----- Given data
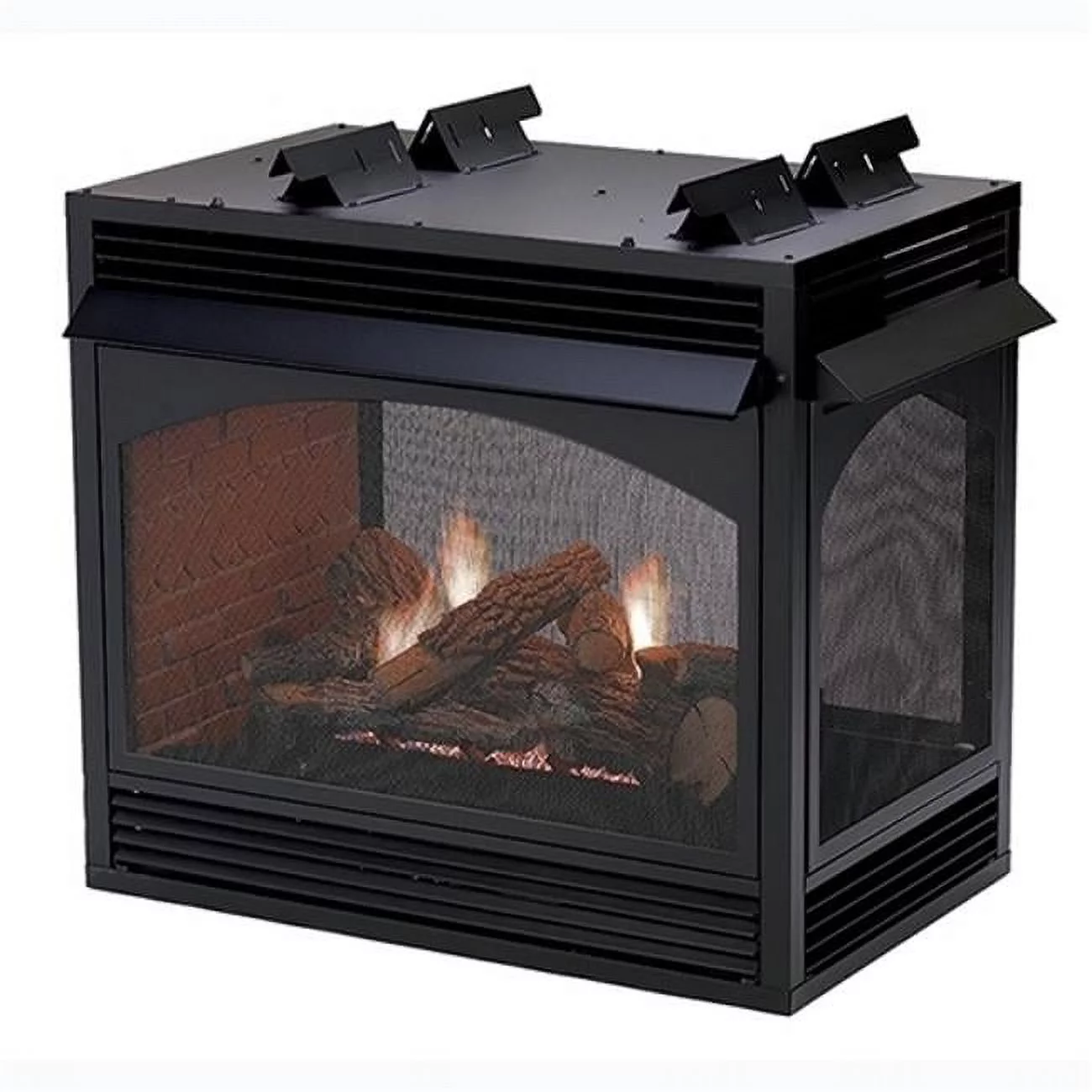 36 in. Propane Millivolt Banded Brick Peninsula Fireplace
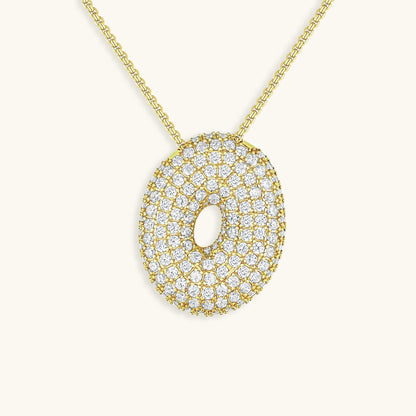 Bubble Initial Diamant Halskette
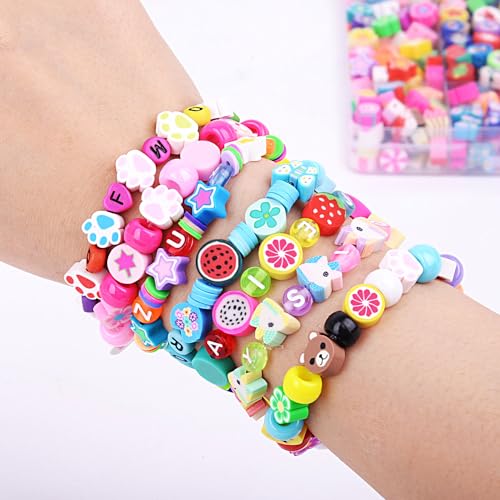 BBita 1000PCS Polymer Clay Beads Bracelet Making kit, 24 Style Cute Fun Beads Sports Ball Volleyball Softball Baseball Basketball Soccer Rugby Football Charms for Jewelry Making DIY for Women Girls - color: C1#Style 3
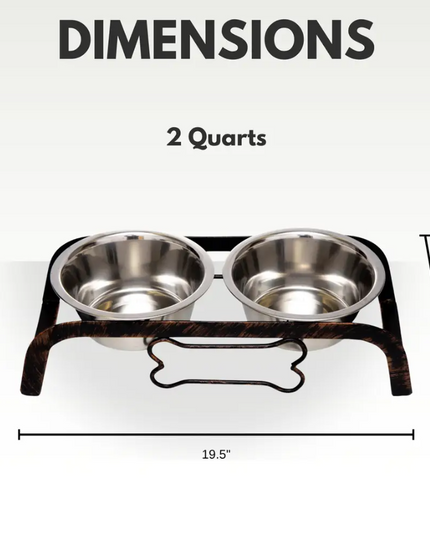 Country Living Rustic Dog Bone Elevated Feeder with 2 Stainless Steel Bowls
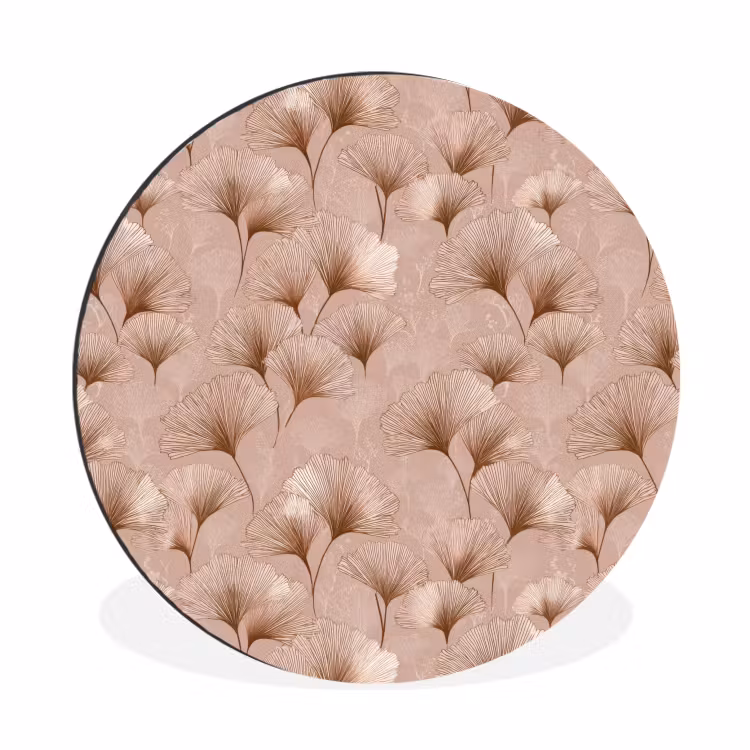 Ginkgo - Patroon - Roze Wandcirkel aluminium klein 190 -3d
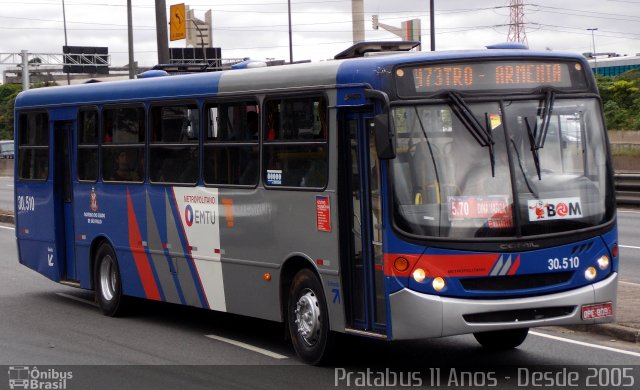 Empresa de Ônibus Vila Galvão 30.510 na cidade de São Paulo, São Paulo, Brasil, por Cristiano Soares da Silva. ID da foto: 4315066.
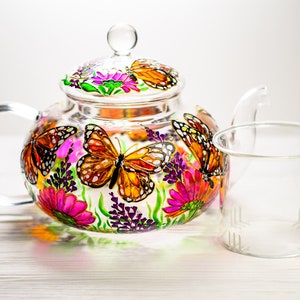 Glass Teapot Butterflies and Flowers, Hand Painted Tea Pot with Infuser, Personalized Grandma Gift image 10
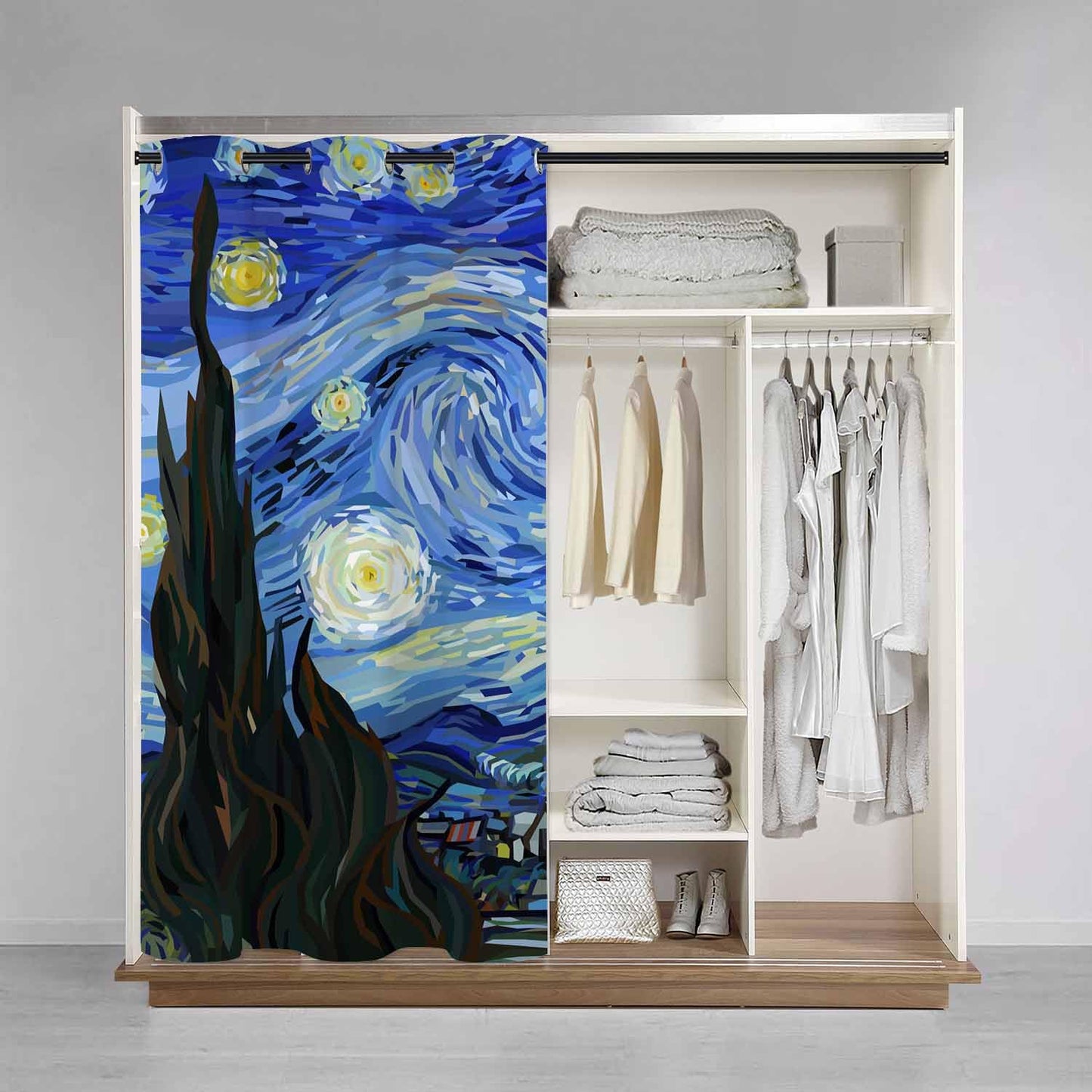 Haciadan Starry Night Doorway Curtains Blue Moon Star Van Gogh Painting 1 Panel 34" W X 80" L Door Drape for Kitchen Restaurant Bedroom Living Room
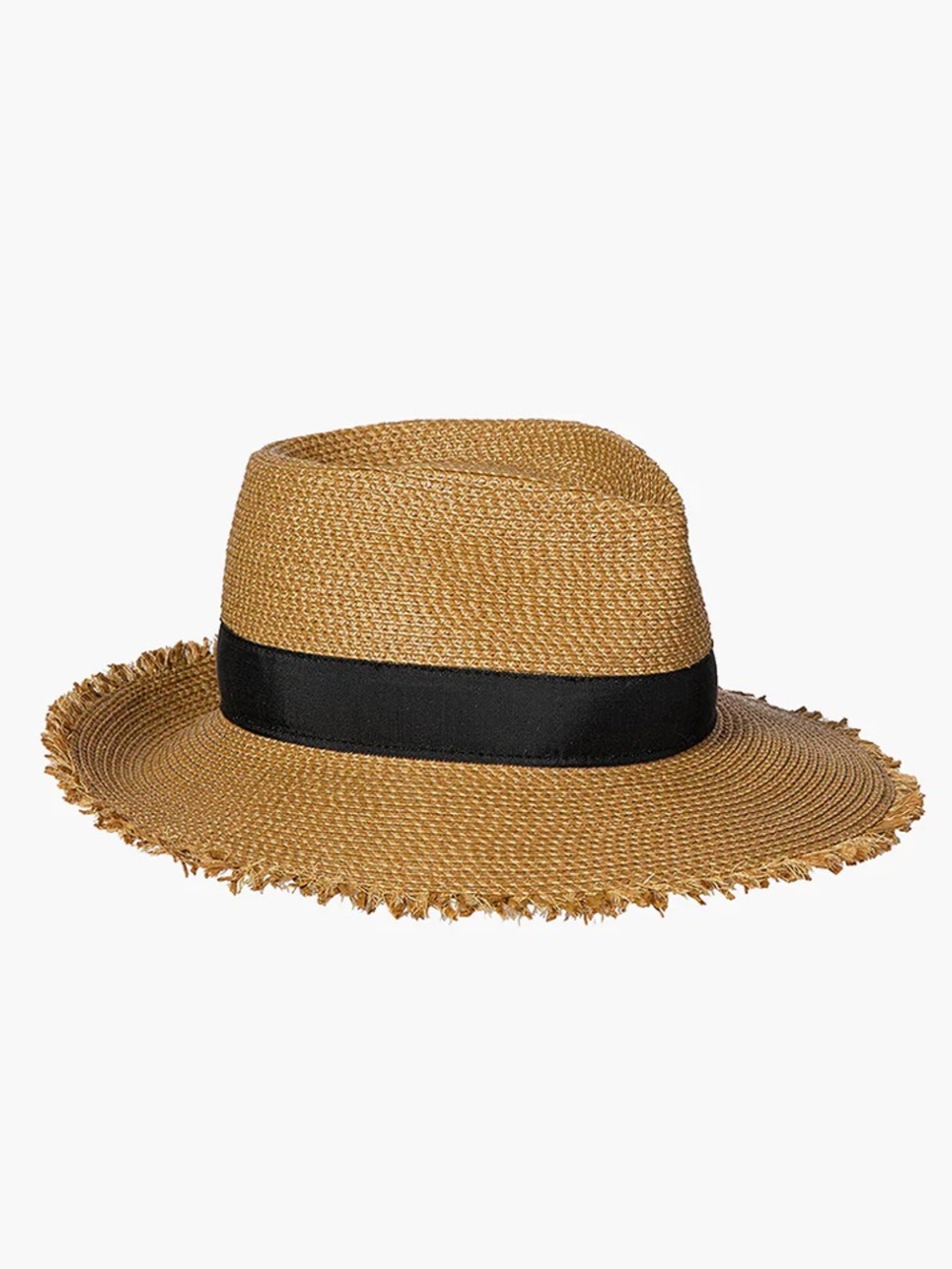 NEW✨NEW✨ Eric Javits Squishee Straw Fedora black ribbon/ subtle “EJ” Logo - Picture 4 of 16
----------
• **Work to be completed**
The range runs from the line containing "BBita 1000PCS Polymer" through the end of the entries; print those lines exactly and leave the pictures out.

• **Solution below**
 BBita 1000PCS Polymer Clay Beads Bracelet Making kit, 24 Style Cute Fun Beads Sports Ball Volleyball Softball Baseball Basketball Soccer Rugby Football Charms for Jewelry Making DIY for Women Girls - color: C1#Style 3
 Country Living Rustic Dog Bone Elevated Feeder with 2 Stainless Steel Bowls
 Ginkgo - Patroon - Roze Wandcirkel aluminium klein 190 -3d
 Empresa de Ônibus Vila Galvão 30.510 na cidade de São Paulo, São Paulo, Brasil, por Cristiano Soares da Silva. ID da foto: 4315066.
 Glass Teapot Butterflies and Flowers, Hand Painted Tea Pot with Infuser, Personalized Grandma Gift image 10
 Haciadan Starry Night Doorway Curtains Blue Moon Star Van Gogh Painting 1 Panel 34" W X 80" L Door Drape for Kitchen Restaurant Bedroom Living Room
 NEW✨NEW✨ Eric Javits Squishee Straw Fedora black ribbon/ subtle “EJ” Logo - Picture 4 of 16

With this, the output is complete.